**EXERCISE MATERIALS:**
● ● ● ●
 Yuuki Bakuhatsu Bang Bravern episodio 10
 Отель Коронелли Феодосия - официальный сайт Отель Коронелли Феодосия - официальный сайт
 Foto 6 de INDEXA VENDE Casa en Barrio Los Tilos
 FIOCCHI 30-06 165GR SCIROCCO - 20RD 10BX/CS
● ● ● ●
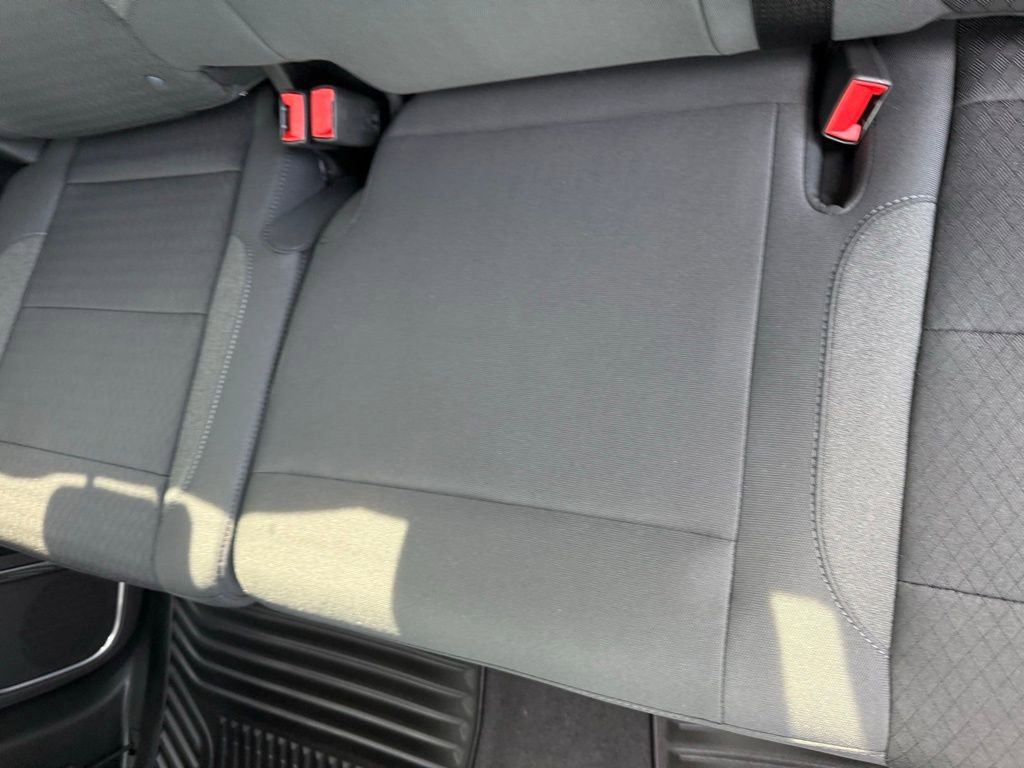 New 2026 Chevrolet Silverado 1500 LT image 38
● ● ● ●
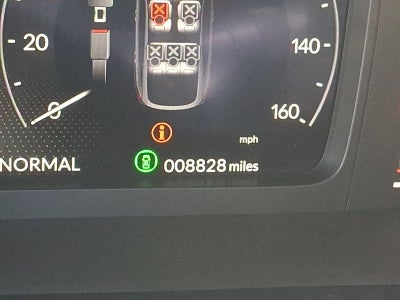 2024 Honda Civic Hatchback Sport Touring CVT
● ● ● ●
**PROBLEM:** Everything in the material above from the line that has "Yuuki Bakuhatsu Bang Bravern episodio 10" through the line that has "FIOCCHI 30-06 165GR SCIROCCO - 20RD 10BX/CS" must be duplicated exactly, with no other lines given.

**EXPECTED OUTPUT:**
 Yuuki Bakuhatsu Bang Bravern episodio 10
 Отель Коронелли Феодосия - официальный сайт Отель Коронелли Феодосия - официальный сайт
 Foto 6 de INDEXA VENDE Casa en Barrio Los Tilos
 FIOCCHI 30-06 165GR SCIROCCO - 20RD 10BX/CS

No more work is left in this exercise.